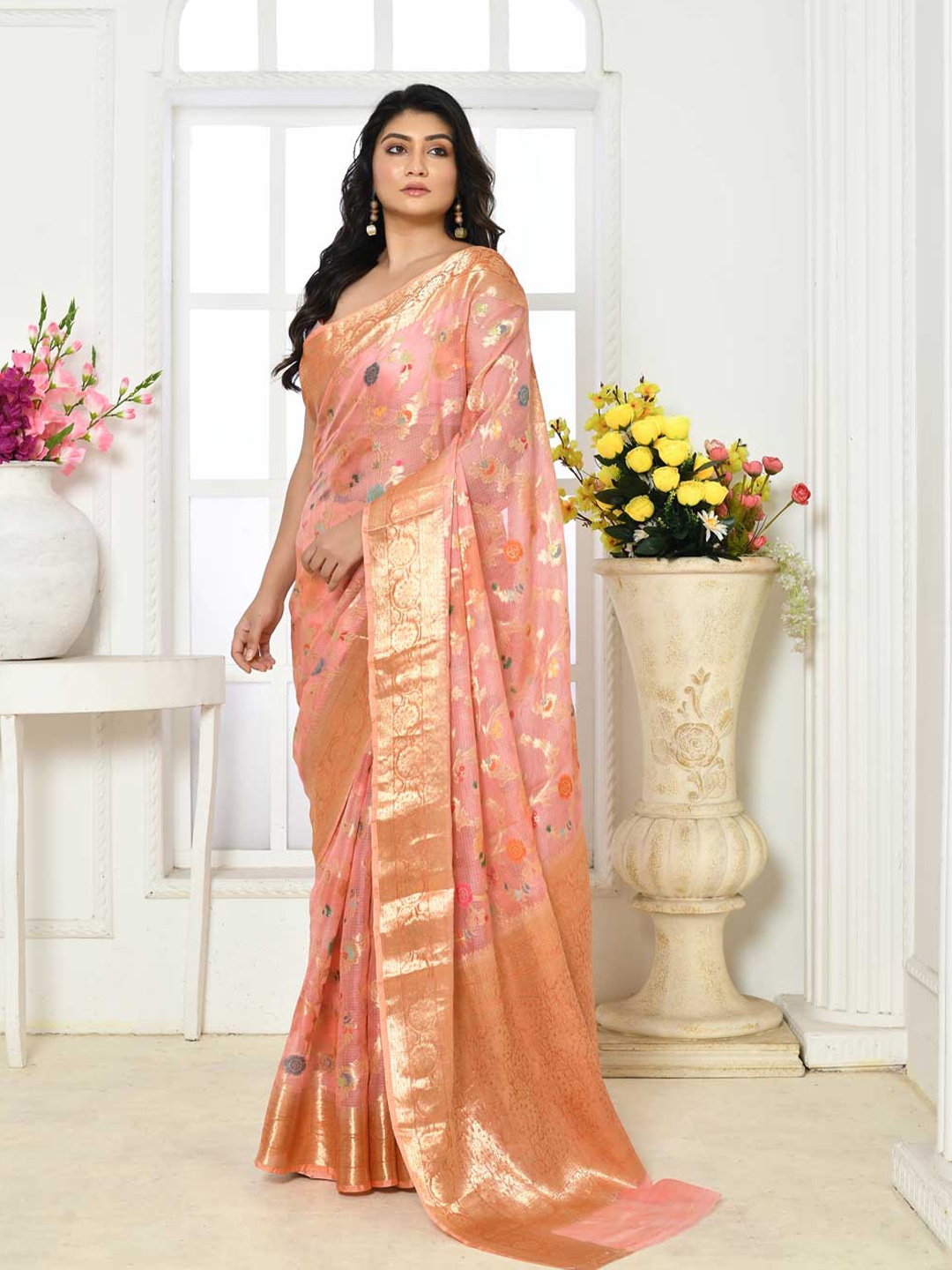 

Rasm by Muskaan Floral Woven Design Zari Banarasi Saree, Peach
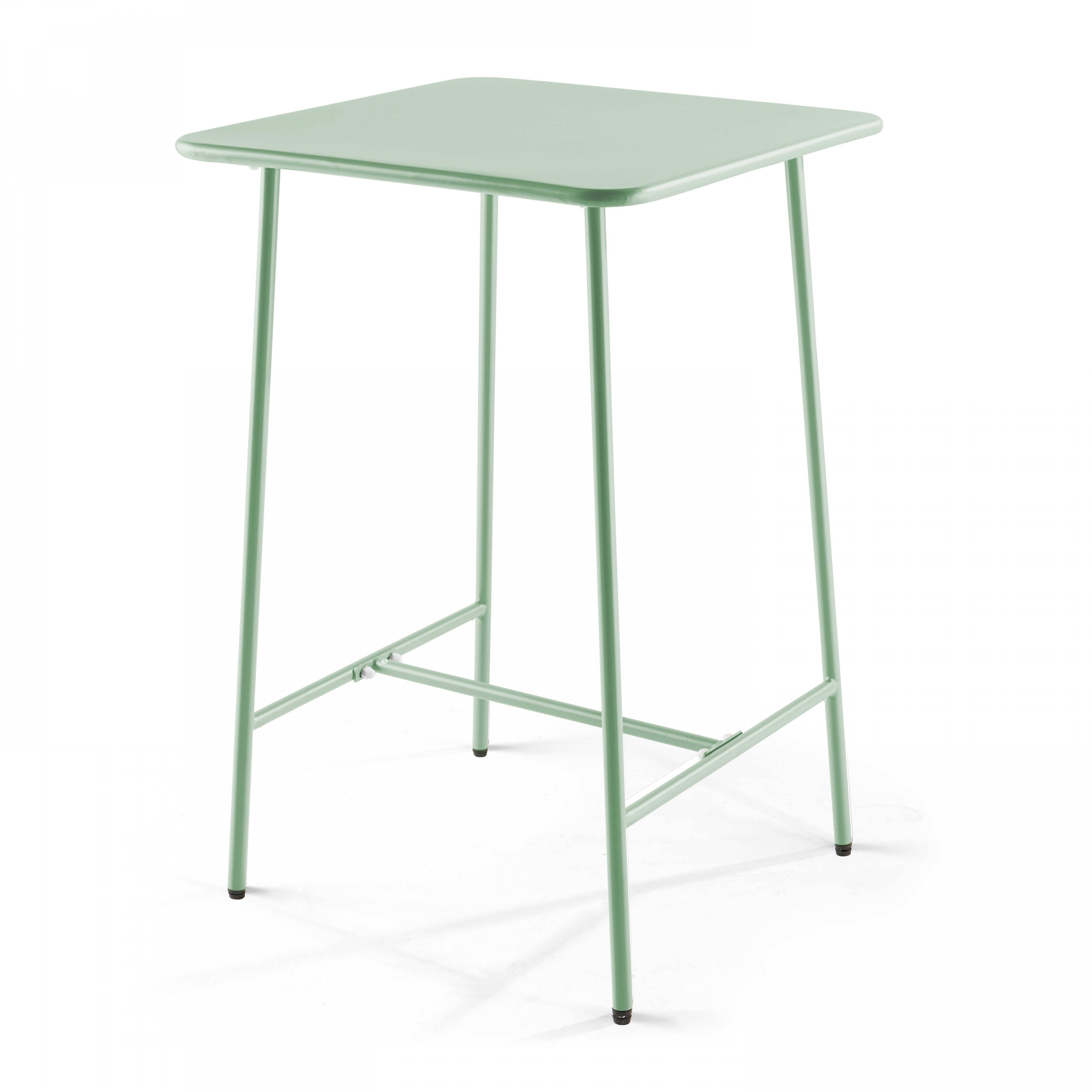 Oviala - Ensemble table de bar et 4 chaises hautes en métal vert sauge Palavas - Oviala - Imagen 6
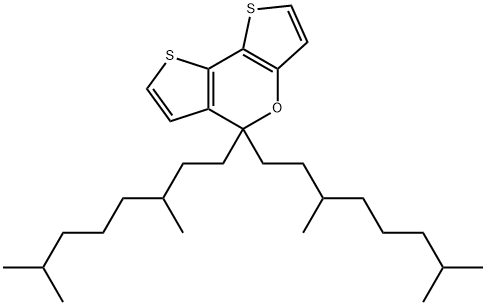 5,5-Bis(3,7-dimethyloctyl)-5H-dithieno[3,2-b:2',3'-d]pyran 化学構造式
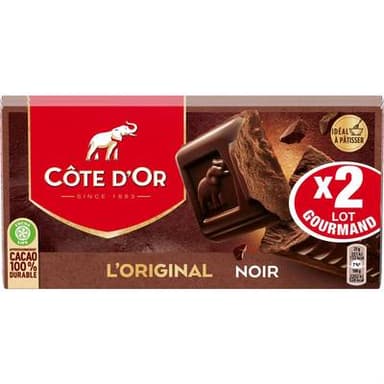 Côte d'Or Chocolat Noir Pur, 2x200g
________________________________________
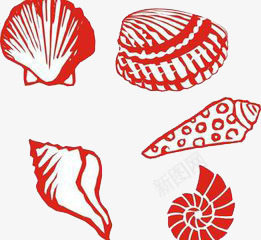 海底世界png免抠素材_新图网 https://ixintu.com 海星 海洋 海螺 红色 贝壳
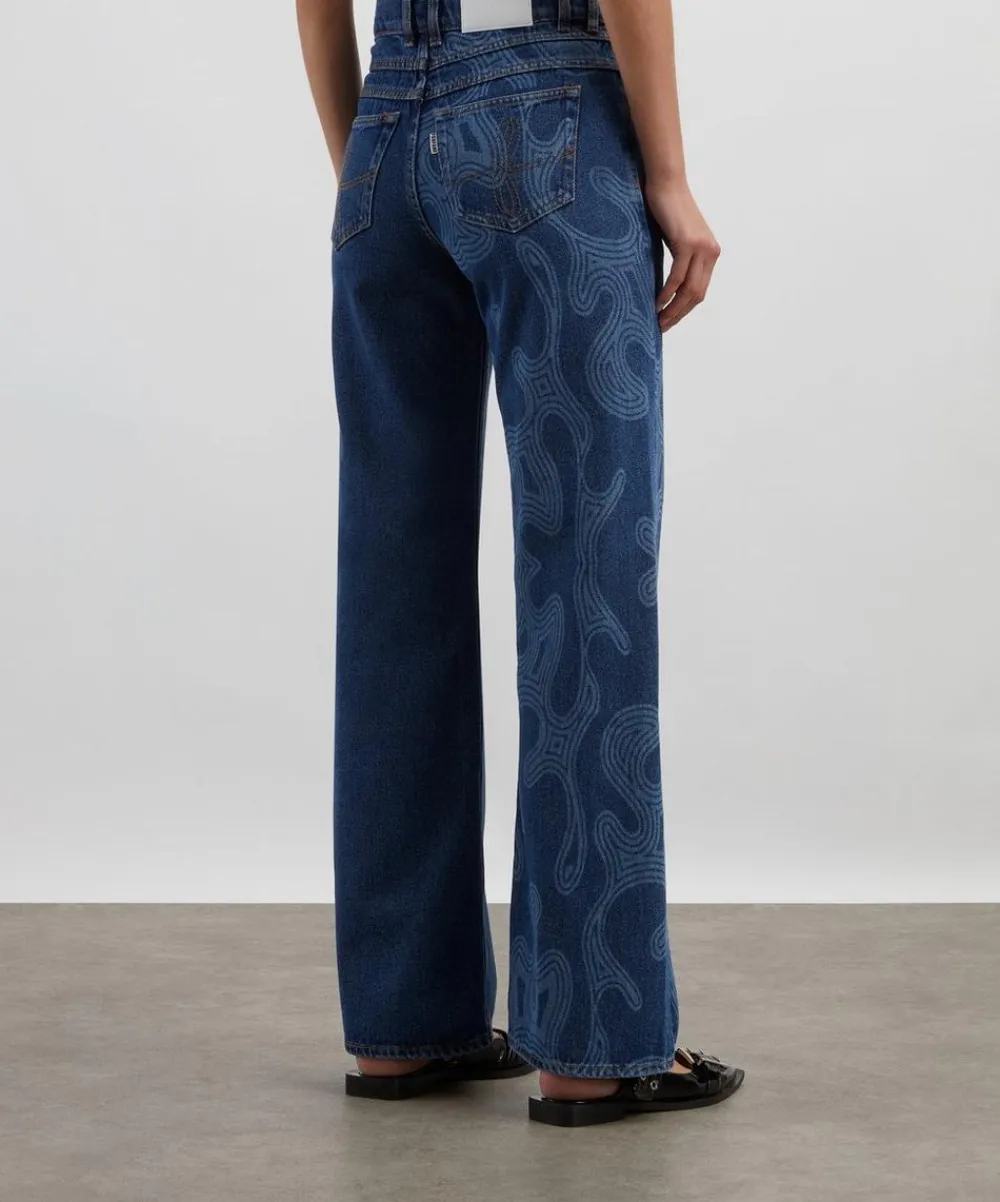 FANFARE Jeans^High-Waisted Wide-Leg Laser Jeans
________________________________________
_Work required_.
Would you restate, exactly and with no pictures, the lines of the entries above from the one containing "Rasm by Muskaan" through the one containing "Côte d'Or Chocolat Noir Pur, 2x200g"?

_Answer to the exercise_.
Rasm by Muskaan Floral Woven Design Zari Banarasi Saree, Peach
 Oviala - Ensemble table de bar et 4 chaises hautes en métal vert sauge Palavas - Oviala - Imagen 6
 5,5-Bis(3,7-dimethyloctyl)-5H-dithieno[3,2-b:2',3'-d]pyran 化学構造式
 Côte d'Or Chocolat Noir Pur, 2x200g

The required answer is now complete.